Les échanges sont vifs et les incartades bien senties, à partir de l'aimant que constitue Vénus. Elle n'a qu'à paraître pour que tout se dérègle : ''Chaque poitrine, chaque cœur Brûle pour Vénus'', dit Mercure. Il y a ceux qu'elle veut conquérir, dont Apollon qui n'en croit pas ses yeux et en perd ses repères, et ceux qui la convoitent comme les deux inséparables Pluton et Neptune. C'est plus qu'un marivaudage avant l'heure : Vénus inassouvie est au centre des débats. Cela vaut un traitement dramaturgique amusant : une fois opéré ledit partage du monde, il s'agira d'un déménagement au sein de la maison, et chacun devra s'orienter différemment, au point que le pauvre Apollon est contraint de dormir dans l'escalier sur un matelas de fortune, et que Neptune et son bocal à poisson rouge ne savent où atterrir. À propos d'escalier, le décor en figure un immense, doublement orienté de gauche à droite, autorisant des plans diversifiés et des fuites opportunes.
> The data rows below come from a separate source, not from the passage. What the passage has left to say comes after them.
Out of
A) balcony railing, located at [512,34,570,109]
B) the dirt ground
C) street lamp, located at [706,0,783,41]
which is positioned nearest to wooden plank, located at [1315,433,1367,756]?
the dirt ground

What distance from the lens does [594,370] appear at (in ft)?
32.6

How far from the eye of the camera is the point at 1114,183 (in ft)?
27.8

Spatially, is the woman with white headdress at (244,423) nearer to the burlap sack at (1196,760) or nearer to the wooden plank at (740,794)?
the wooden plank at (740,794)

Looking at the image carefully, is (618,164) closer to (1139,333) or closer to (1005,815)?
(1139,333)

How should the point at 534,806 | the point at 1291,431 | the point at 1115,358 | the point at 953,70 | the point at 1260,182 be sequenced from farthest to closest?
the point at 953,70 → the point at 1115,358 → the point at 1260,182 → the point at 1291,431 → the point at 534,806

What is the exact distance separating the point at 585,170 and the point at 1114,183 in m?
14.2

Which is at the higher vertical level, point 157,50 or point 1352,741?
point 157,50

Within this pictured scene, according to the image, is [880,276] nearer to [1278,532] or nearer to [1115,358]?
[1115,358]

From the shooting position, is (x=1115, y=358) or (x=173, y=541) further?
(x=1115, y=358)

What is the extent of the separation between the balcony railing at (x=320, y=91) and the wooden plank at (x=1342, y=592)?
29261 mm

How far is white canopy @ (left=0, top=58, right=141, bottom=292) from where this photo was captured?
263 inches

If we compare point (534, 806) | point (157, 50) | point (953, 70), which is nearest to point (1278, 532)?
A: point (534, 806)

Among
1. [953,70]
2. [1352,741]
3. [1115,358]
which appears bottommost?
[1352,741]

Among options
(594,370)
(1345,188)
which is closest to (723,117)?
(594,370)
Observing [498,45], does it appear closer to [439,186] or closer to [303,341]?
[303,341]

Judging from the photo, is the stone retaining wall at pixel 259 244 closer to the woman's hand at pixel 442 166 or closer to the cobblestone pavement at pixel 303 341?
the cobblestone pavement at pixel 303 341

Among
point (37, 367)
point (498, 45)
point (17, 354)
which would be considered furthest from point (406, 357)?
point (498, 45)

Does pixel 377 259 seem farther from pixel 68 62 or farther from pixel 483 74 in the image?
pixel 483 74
Il y a aussi des images désopilantes : l'entreprise de séduction à la hussarde d'Apollon par Vénus autour d'un canapé qui va mettre le pauvre diable la tête en bas dans une position pour le moins inconfortable. C'est plus que l'hôtel du libre échange et la grande table à manger peut servir de lit de fortune... La régie ne laisse pas un instant de répit, mêlant jalousies, frustrations, tendresse entrevue, rires forcés, ou facéties troublantes : celles des deux chenapans Amour et Discorde qui comptent bien tirer parti de clichés saisis en contrebande. Tout le monde observe, se cache pour mieux observer, voire se faire souffrir devant le bonheur éphémère de l'autre vis-à-vis de Vénus. Laquelle se désespère un instant de son insatisfaction... Un bon moment de théâtre.

La Divisione del mondo 4
Final du III - ©Klara Beck 

Une soirée musicale pareillement de haut niveau. Il règne un vrai esprit de troupe et tout un chacun sait donner le meilleur au sein d'une distribution soigneusement achalandée. On retiendra l'exceptionnelle Vénus de Sophie Junker, physique de pin-up ravageuse et voix de soprano assurée, bien timbrée, dont le lamento du début du III est un moment de grâce. Junon est incarnée par Julie Bouliane, timbre somptueux et ligne de chant immaculée. Carlo Allemano, ténor expressif et fin acteur, prête à Jupiter des accents de grande classe. Le Mars de Christopher Lowrey, superbe contre-ténor, est amusant dans sa dégaine de dieu ''effeminato''. Les contre-ténors (Rupert Entiknap, Mercure, Jake Arditti, Apollon) sont aussi habiles que les basses (André Morsch, Pluton, Arnaud Richard, Saturne) ou que les autres : ténor (Stuart Jackson, Neptune), sopranos (Soraya Mafi, Diane, Ada Elodie Tuca, Amour), ou encore alto (Alberto Miguélez Rouco, Discorde). Bien sûr, la palme revient à Christophe Rousset et à ses Talens Lyriques. De cette musique extrêmement diversifiée, toujours séduisante, ils tirent le meilleur : une texture faite de ''recitar cantando'' qui verse imperceptiblement dans de courtes arias. Il y en a plus d'une soixantaine ! D'autres, plus développées, renforcent la trame, dont celle de Vénus déjà citée qui débute le IIIème acte, ou celles réservées à Jupiter, à Mars, à Diane ou à Junon. Les ensembles mêlant tragique et comique, dans la tradition de l'époque, vénitienne en l'occurrence, sont vivants dans leur intrication complexe. L'instrumentation revisitée par Rousset offre une lecture chambriste avec les cordes à quatre parties, deux théorbes et un usage judicieux des vents dont les flûtes à bec et les cornets à bouquin aux accents colorés et cocasses dans leurs cocottes. Pratique d'époque, nous confie-t-il. Les tutti qui élargissent soudain le discours, sont expressifs. On observe une progression dramatique au fil des actes, dont le final du IIème, agissant en un crescendo assez roboratif à l'image du chaos régnant sur le plateau, car alors, ''le ciel est un champ de bataille''. Au dernier acte, encore plus agité, tout est chatoiement musical. Cela sonne magnifiquement dans l'ambiance feutrée du Théâtre de Colmar, vraie petite bonbonnière : le son est immédiat et l'on semble pouvoir toucher du doigt musiciens et chanteurs tant ils nous sont proches. Magistral !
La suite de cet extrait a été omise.